From farm to dining table, food takes Web route to success

By Meng Jing in Xi'an (China Daily) Updated: 2016-02-15 08:05

From farm to dining table, food takes Web route to success

Tang Qiaoqing, a worker at the Wangjiazhen township e-commerce service station, puts some local agriculture products up for online sales in Wuyi, Zhejiang province. [Photo provided to China Daily]

Until 2014, farmer Yang Kuanmin of Luochuan county, Shaanxi province, West China, used to earn around 80,000 yuan ($12,168) per annum growing and selling apples. But, last year, his story of 10 years changed, and his annual income surged by a staggering 50 percent to 120,000 yuan, when he jumped on the e-commerce bandwagon.

"Getting online is so good for sales. You can sell your fruit to customers around China," he said.

This year, farmers such as Yang were swept off their feet by e-commerce when Alibaba Group Holding Ltd held the Ali Spring Festival Shopping event from Jan 17 to Jan 21.

In Yang's hometown, about 90,000 kilograms of apples were sold online in just 11 hours during the five-day event, the third such shopping festival held by Alibaba in less than three months, the other two being the events on Nov 11 (or 11-11, Singles' Day) and Dec 12 (or 12-12).

The event helps hardworking farmers to earn some extra income. It also offers city dwellers genuine farm produce from their hometowns. Alibaba hopes the event will attract more farmers in coming years.

Jack Ma, executive chairman of Alibaba, said the event could "enlighten" farmers about rural e-commerce and the new model of modernization in rural China.

"It (e-commerce) is an opportunity for the new generation of farmers in China. Many farmers had to leave home and work in cities to make a living. Now they can set up their own businesses without leaving their farmland," he said at an event.

He further said farmers can use big data technology and Internet to predict demand for certain commodities and decide not only what they would grow next year but their buyers.
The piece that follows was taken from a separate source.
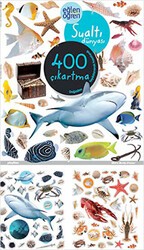 Eğlen Öğren Sualtı 400 Çıkartma - Dstil Tasarım İletişim Yayınları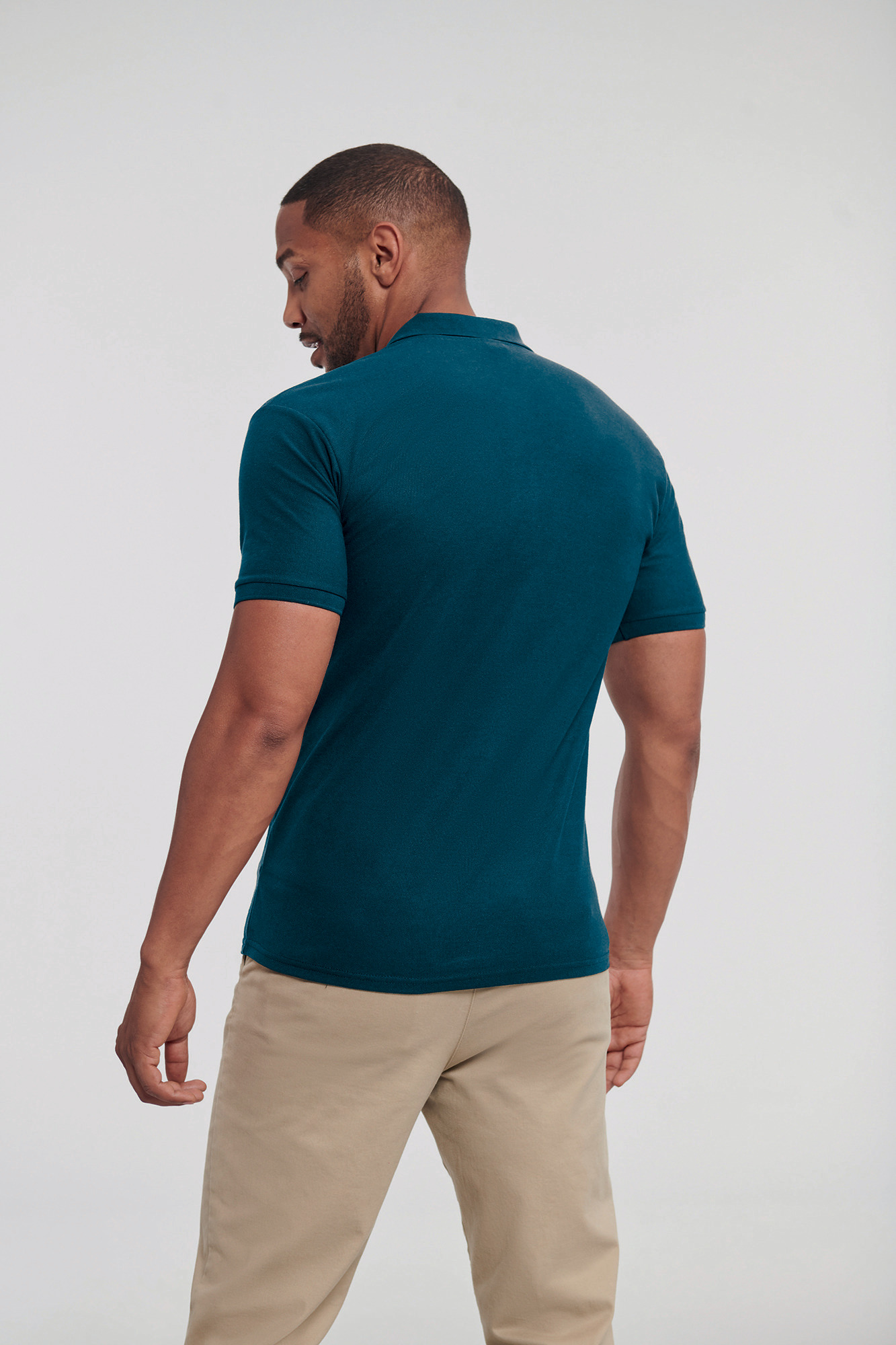 Miniature 6 pour Polo homme Authentic Eco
He predicted at least 1 million farmers will return to their hometowns from cities and set up their own online businesses. "As a matter of fact, many of them have already sold various kinds of farm produce online."

Extremely fruitful sales of Luochuan apples during the Ali Spring Festival Shopping are part of a larger pattern. The top three sales items were the gift pack consisting of agricultural produce from Guizhou province, the Spring Festival dinner pack containing sausages and preserved meat from Guizhou, and oranges from Gannan.

Zhu Jun, a manager at Rural Taobao, said strict quality control contributed to the popularity of online sales of farm produce. "Some of the local governments have set up funds worth 5 million yuan each as a way to endorse their farm produce. If online shoppers receive poor-quality commodities, the fund will compensate them."

Wang Xiaoxing, an analyst with the Beijing-based Internet consultancy Analysys International, said urban residents are concerned about food safety, so they prefer to buy good-quality farm products directly from farmers.

"But ensuring food, after the long transportation, retains its good quality at the time of delivery to the consumer is still a challenge," he said. "Farm produce are not like standardized industrial products. But it is important to set up a national standard to rate the quality of farm produce sold online so that the business can truly take off."